Очень важно, что в России среди этих еретиков всегда было достаточно много представителей православного духовенства, и все они без исключения начинали с искреннего и убеждённого православия, от которого впоследствии переходили к движению в сторону иудаизма.

Секты такого характера всегда в России преследовались значительно более свирепо (если это, вообще, возможно), чем христианские протестантские и реформистские секты. Уничтожить это движение, однако, не удалось по сей день. Скорее наоборот — движение ширится и набирает силу. Возможно, образование Государства Израиль сыграло в этом движении определённую роль, но и до образования еврейского государства движение различных религиозных систем христианского толка шло в течение многих столетий в направлении первоначального вероучения по возрастающей.

Не так сложилось с Исламом. В этом случае движение обратное – всё дальше и дальше от иудаизма.

Вне всякого сомнения, Магомет, в отличие от своих последователей, считал иудаизм источником Ислама. После бегства из Мекки в Медину он первым делом явился в еврейскую общину. И, хотя ему не удалось, что вполне естественно, договориться с еврейскими мудрецами, до конца жизни он думал о Иерусалиме. И я позволю себе высказать предположение, что известная легенда, в соответствии с которой Магомет вознёсся на небеса на своём крылатом жеребце с руин Храма, объясняется просто тем, что к старости он, вернее всего, часто повторял, что хотел бы умереть на руинах Иерусалимского Храма. Это было ему не суждено. Он умер и похоронен в Медине, так и не посетивши Святой Город.

Два слова о мечети Аль-Акса, возведённой на месте, где когда-то стоял Храм.

Есть все основания предполагать, что человека, задумавшего из тех или иных соображений построить, что бы то ни было на месте Храма, Магомет немедленно велел бы казнить, как злейшего святотатца. Однако после его смерти второй халиф из династии Омейадов, Омар ибн-Хоттаб, бывший до смерти пророка его верным учеником, заложил на этом святом месте небольшой молитвенный дом, а его преемники достраивали, несколько раз восстанавливали после пожаров и землетрясений и, наконец, создали мечеть в том виде, как она существует сейчас.

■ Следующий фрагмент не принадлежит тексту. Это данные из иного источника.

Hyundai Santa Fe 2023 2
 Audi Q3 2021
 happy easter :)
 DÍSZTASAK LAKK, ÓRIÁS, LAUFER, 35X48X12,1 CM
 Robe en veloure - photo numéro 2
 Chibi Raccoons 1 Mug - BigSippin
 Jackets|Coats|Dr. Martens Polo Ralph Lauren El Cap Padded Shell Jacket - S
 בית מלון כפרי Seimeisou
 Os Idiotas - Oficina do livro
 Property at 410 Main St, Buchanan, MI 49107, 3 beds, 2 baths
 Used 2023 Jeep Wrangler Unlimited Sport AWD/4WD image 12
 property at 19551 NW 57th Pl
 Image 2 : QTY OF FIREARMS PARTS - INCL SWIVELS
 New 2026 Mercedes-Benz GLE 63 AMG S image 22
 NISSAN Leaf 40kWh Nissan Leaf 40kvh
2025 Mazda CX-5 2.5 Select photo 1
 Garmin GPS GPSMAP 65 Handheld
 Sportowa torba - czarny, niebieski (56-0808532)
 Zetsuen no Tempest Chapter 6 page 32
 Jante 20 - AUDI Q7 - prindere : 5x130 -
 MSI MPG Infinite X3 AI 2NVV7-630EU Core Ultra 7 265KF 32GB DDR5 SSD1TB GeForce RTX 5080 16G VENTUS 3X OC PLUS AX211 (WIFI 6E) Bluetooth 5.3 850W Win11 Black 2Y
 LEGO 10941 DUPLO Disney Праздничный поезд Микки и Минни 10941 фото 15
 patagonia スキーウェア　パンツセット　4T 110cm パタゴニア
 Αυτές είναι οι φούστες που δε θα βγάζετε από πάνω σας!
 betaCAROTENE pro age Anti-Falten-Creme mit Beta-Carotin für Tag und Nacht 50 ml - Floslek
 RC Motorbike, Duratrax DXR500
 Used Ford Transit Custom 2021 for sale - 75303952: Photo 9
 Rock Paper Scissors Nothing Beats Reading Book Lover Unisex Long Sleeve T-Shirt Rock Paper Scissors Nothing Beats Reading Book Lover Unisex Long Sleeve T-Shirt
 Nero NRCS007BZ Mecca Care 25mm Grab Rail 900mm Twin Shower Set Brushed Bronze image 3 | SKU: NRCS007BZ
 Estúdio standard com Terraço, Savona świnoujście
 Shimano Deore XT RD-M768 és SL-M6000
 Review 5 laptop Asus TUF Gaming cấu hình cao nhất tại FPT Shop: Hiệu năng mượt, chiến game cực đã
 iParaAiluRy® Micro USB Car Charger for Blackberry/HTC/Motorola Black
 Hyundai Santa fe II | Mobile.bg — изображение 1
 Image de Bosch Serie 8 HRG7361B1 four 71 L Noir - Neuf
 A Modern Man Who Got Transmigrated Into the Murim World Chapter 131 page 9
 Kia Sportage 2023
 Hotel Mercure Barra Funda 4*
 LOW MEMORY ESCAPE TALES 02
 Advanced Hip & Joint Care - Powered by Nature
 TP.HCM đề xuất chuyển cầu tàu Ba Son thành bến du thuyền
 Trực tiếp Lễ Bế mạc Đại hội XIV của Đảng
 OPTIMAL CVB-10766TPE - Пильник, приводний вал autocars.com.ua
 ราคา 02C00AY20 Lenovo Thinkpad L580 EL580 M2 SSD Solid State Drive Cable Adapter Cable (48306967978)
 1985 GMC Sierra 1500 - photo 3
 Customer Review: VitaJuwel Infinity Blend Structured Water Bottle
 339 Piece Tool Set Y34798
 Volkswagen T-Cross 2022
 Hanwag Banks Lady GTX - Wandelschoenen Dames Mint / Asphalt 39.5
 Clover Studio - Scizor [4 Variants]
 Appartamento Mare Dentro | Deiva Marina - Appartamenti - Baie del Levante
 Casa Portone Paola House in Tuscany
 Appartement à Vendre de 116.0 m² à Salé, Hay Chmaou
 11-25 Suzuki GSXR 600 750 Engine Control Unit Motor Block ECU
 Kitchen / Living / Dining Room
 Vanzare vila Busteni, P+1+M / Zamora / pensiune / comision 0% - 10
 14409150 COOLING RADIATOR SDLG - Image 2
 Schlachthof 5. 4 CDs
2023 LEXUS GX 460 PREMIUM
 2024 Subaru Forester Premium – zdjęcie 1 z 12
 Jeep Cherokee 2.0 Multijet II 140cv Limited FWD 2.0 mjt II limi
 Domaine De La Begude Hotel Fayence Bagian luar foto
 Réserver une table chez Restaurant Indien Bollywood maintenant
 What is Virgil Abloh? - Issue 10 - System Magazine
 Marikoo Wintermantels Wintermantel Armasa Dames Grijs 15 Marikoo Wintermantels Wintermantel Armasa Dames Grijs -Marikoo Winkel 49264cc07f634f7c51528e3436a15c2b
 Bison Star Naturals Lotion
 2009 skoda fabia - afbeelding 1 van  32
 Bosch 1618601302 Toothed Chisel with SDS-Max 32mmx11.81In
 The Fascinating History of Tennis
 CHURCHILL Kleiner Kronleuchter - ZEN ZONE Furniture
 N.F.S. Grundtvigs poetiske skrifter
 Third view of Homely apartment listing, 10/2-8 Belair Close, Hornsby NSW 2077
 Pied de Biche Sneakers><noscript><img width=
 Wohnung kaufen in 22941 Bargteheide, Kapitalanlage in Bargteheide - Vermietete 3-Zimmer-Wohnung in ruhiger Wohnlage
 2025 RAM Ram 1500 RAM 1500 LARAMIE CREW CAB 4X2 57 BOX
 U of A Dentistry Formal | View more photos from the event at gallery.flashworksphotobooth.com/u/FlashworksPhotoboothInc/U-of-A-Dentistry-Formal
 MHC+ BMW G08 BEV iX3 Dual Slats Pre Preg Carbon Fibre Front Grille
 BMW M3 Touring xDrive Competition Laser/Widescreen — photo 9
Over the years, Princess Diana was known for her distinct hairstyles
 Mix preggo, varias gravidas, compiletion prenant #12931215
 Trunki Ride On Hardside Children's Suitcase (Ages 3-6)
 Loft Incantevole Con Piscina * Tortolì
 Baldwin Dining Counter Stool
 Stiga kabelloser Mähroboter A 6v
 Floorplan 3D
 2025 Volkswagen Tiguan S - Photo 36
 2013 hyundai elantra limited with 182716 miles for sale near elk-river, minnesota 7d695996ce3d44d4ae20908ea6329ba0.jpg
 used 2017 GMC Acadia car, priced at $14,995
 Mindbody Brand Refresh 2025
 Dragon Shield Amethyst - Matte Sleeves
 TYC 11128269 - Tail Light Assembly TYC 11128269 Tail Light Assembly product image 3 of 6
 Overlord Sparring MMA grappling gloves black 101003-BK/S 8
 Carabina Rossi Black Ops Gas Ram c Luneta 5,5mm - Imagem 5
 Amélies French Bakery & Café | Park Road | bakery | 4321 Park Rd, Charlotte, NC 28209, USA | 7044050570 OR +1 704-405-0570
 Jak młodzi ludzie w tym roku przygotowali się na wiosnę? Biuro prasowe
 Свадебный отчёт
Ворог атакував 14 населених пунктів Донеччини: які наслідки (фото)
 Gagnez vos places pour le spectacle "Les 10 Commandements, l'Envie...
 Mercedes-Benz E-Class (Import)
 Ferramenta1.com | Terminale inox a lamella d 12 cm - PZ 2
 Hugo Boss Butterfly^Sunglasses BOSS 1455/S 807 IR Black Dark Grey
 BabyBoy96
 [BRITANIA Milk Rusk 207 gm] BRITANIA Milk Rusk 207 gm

Чем же объяснить такое пренебрежение к памяти основателя Ислама? А почему последователи Будды, воспретившего убийство даже муравья, попавшегося человеку на тропинке, изобрели боевые единоборства, которые сейчас изучают в элитных частях любой армии мира, в том числе и индийской армии? Такова судьба доктрины. Тут, собственно, не о чем и размышлять. Вот только христианство….

Я недавно должен был отвезти одну пожилую женщину на молитвенное собрание «мессианских евреев». Поскольку я должен был и обратно домой её привезти, я прослушал всю их службу. Часть молитв они читают на иврите, часть по-русски. Их проповедник тщательно подчёркивает свою неразрывную связь с иудаизмом. Но они считают, что Христос «уже спас мир». Значит ли это, что они его считают Машиахом? Мне было неудобно приставать к этому человеку с подобными вопросами, к тому же я плохо умею отбиваться от религиозных проповедников. Как бы то ни было, это христианство на пути к иудаизму – так мне показалось.

Я спросил С. Дудакова: Чем он объясняет такое движение к иудаизму, особенно сильное в России или точнее в русскоязычной среде, сравнительно с Западной Европой, и, вообще, откуда у русских такое пристрастное отношение к евреям — чаще отрицательное, но во многих случаях и очень положительное, как я наблюдал у моего покойного отца, отношение которого к евреям невозможно объяснить просто любовью к моей маме.

Заподозрить Савелия Дудакова в русофильстве невозможно. Он подумал и сказал:

— Западноевропейская Реформация есть ни что иное, как то же движение христианства в сторону первоначального вероучения. Все реформаты делают упор на Ветхий Завет, в отличие от католиков и православных (апостольские церкви), которые упор делают на Евангелие, а Ветхий Завет стараются замалчивать, значительно при этом его перетолковывая.

Что же касается русского народа…. Что ж, русским свойственно любопытство ко всему необыкновенному.

Это не цитата из Дудакова, а я просто пересказываю то, что от него услышал, своими словами.

Чуть позднее я с удивлением узнал, что многие книги Лютера были написаны на иврите. А, собственно, что тут удивительного?

*
В 1977 году, ранней осенью я впервые пришёл на Ваганьковское кладбище. Я думал просто заработать, а проработал там в общей сложности с перерывами около двадцати лет.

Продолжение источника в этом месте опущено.